The performance comparison of different predictors on the independent dataset.

Predictor	Sn (%)	Sp (%)	AC (%)	MCC
mRMRPred [15]	34.34	79.67	68.34	0.139
UbiPred [13]	NA	NA	NA	0.135
UbPred [14]	NA	NA	NA	0.117
This paper	57.14 ± 1.39	74.15 ± 0.95	71.32 ± 1.26	0.153 ± 0.06

3.3. Feature Analysis

As is described in Section 2.2, we utilize four kinds of attributes to represent a peptide: amino acid compositions; PSSM conservation scores; disorder scores; and amino acid factors. In this section, feature analyses are performed on the training dataset. Firstly, the number of each type of features in the selected 10 subsets is counted and shown in Figure 4. There are 12 amino acid compositions features, 75 PSSM conservation scores features, 10 disorder scores features and 24 amino acid factors features in the selected subsets. From Figure 4, we can conclude that the PSSM conservation scores play the most important role in the lysine ubiquitylation prediction. In addition, it should be noted that most disorder scores features are extracted from site 13, this means that the disorder status of amino acid around the ubiquitylation site may affect the ubiquitylation process.

Figure 4.

The number of each type of feature in the 10 selected subsets.

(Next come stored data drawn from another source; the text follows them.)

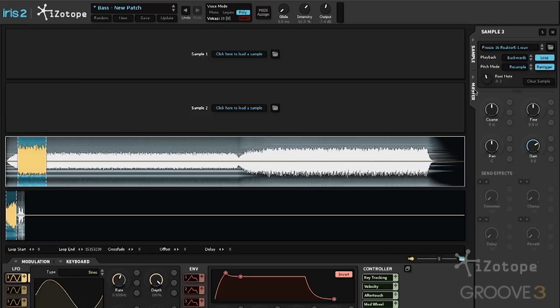We can specify the root note for this sample, and it's automatically set when we import a sample. And then we can, of course, clear the sample and remove it.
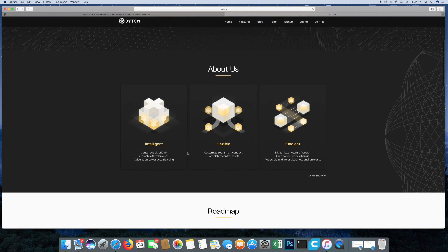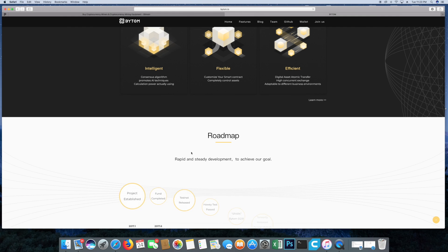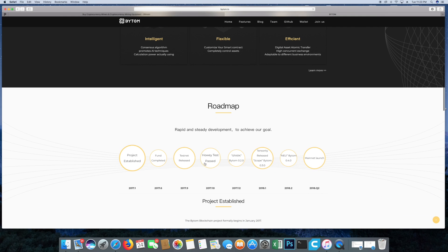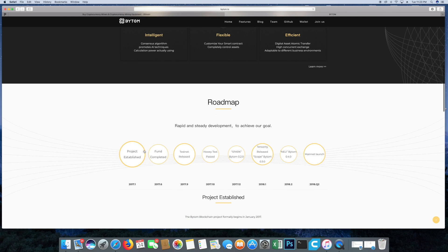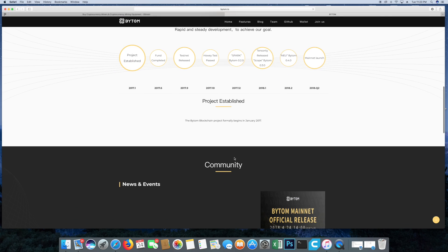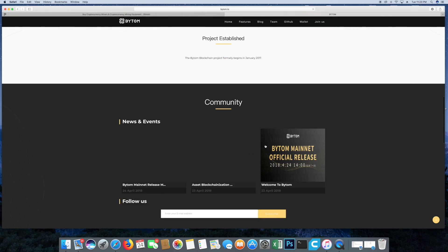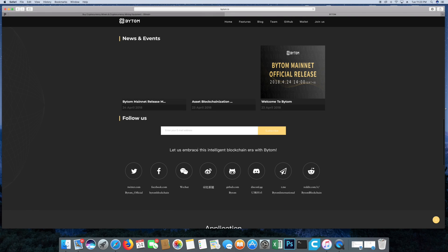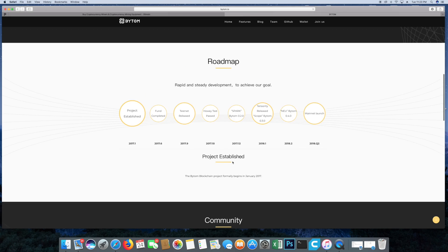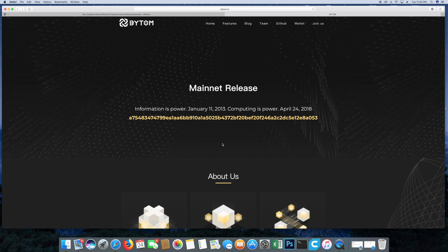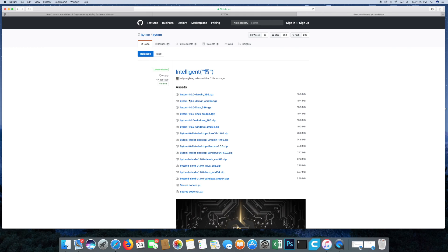If you go to the Bytom site it will tell you everything about it. It'll tell you about us, what they're trying to do, their roadmap, when they were established, funds completed, the testnets, the whole nine. The community news, all the form releases, go to GitHub to see what is going on. Also check out the white paper, which is always great. You're going to need to get a wallet.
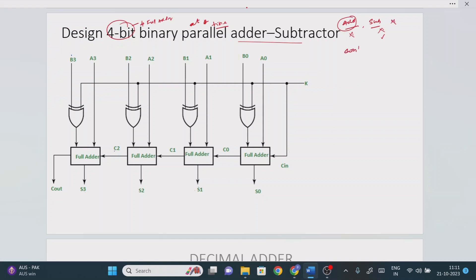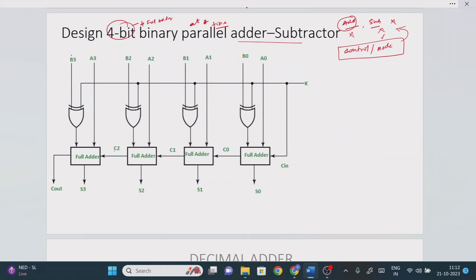For this we require something called a control mechanism or mode of operation. By using this, we can control one operation over the other — if addition is performing, it will stop subtraction, and vice versa. So 4-bit means 4 full adders required. Parallel means at a time we add four 1-bit numbers. To control this we require the mode of operation.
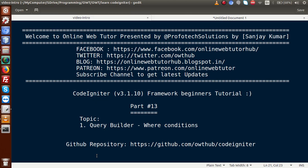Hello guys, welcome to Online Web Tutor presented by Prophotex Solutions team. I am Sanjay. We are learning CodeIgniter framework beginner tutorial and this is part 13. Inside this video session we are going to use WHERE conditions in our query builder. If you're a beginner to the channel, please don't forget to subscribe and keep watching our previous video sessions to get a clear concept about CodeIgniter framework.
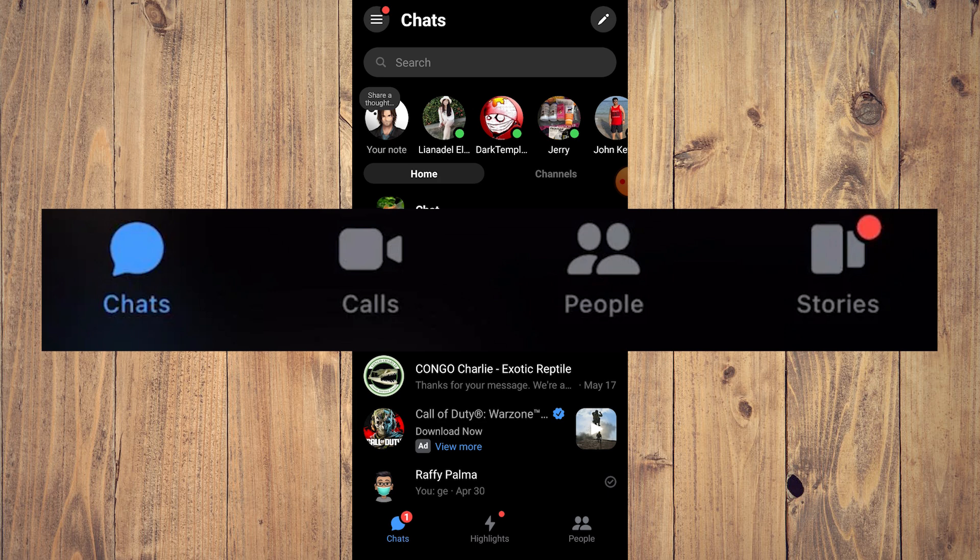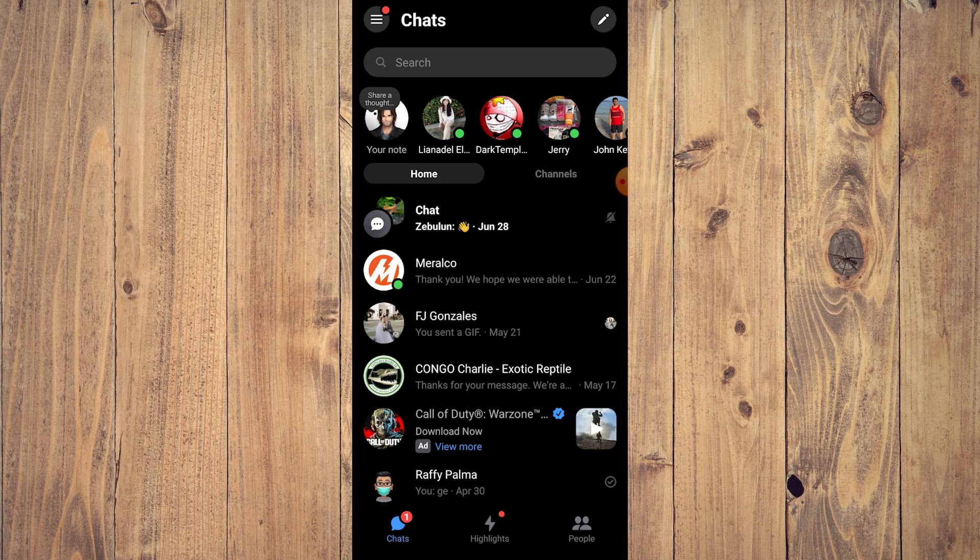Some people via forums, Reddit, and other websites say that some Android and iPhone devices still have the call option and some don't.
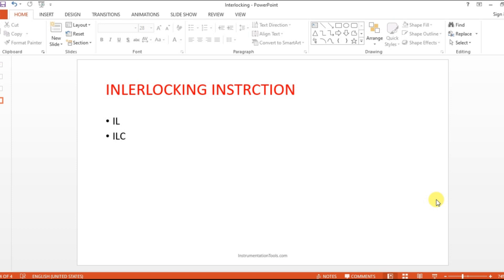Hello everyone, welcome to Automation Community. In this session we are going to see introduction for interlocking in CX programmer.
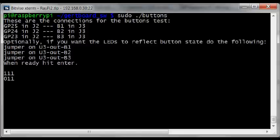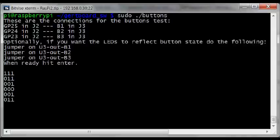So each time the status changes it's because I've pressed or released one of the buttons. Firstly, this is GERT's version.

Secondly, the number of features in each amino acid site taken from the 10 selected subsets is counted and shown in Figure 5. It is obvious that there are much more features in the selected subsets on sites 7, 8, 11, 12, 14, 16, 20 and 21 than on the other sites. This phenomenon may explain why Tung and Ho [13] found the best window size for ubiquitylation sites prediction to be 21.

Figure 5.

The number of all features on each site in the 10 selected subsets.

Finally, the number of PSSM features in each amino acid site taken from the selected 10 subsets is counted and shown in Figure 6. It can be seen that the conservation of lysine residue plays a key role in the ubiquitylation process; moreover, the nearby sites 8, 12, 14 and remote sites 2, 7, 16, 17, 20 have more PSSM conservation scores features than the others.

Figure 6.

The number of PSSM features on each site in the 10 selected subsets.

4. Conclusions

Prediction of lysine ubiquitylation sites is important to understand the molecular mechanism of lysine ubiquitylation in biological systems. Though some researchers have focused on this problem, the accuracy of prediction has still not been satisfied. In this study, we develop an ensemble predictor for the prediction of lysine ubiquitylation sites based on a new feature selection method using the information of sequence conservation, amino acid composition, amino acid physicochemical properties and residue disorder status. The accuracy of our predictor is higher than those of state-of-art ubiquitylation sites prediction tools. Experimental results have shown that our method is very promising and may be a useful supplement tool to existing methods. Moreover, the conclusions derived from this paper might help to understand more about the ubiquitylation mechanism and guide related experimental validations.

Since user-friendly and publicly accessible web-servers represent the future direction for developing more practically useful models, simulated methods or predictors, in our future work we will attempt to provide a web-server for the method presented in this paper.